Oman’s government has set appropriate fiscal targets for 2017 with the budget looking to reduce deifict to 12% of GDP
(from 24%). Growth is expected to remain at 3% in 2017, in line with 2016 with non-hydrocarbon growth to average at
c3.5%. Fuel price hikes have contributed significantly to narrowing the deficit and should the tax system see reform over
the medium term (corporate income tax, VAT introduction and excise duties) all will contribute to narrowing the deficit further.
The banking system is well capitalized and sector liquidity is normalizing as we start to see corporate loan growth picking up.
Morocco’s macroeconomic fundamentals remain sound. The balance of payments has been subject to some pressure,
but the risk of external instability is low. The current slowdown in import growth should help stabilise the
current account deficit, while pressures on forex reserves have abated since the authorities postponed the
exchange rate reform.

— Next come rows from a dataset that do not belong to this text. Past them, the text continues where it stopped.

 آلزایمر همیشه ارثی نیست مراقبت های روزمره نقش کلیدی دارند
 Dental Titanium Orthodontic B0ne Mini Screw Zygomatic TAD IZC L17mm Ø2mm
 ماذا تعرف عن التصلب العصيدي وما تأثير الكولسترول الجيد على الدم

Fiscal prospects are also looking much better after a poor performance in 2016, and the
economy is benefiting from better external conditions and the rebound in agricultural output. In the non-agricultural
sector, however, growth is still too sluggish. The Kingdom is capitalizing on its potential as a manufacturing hub,
the automotive industry is now the largest source of exports and several development projects are in the pipeline.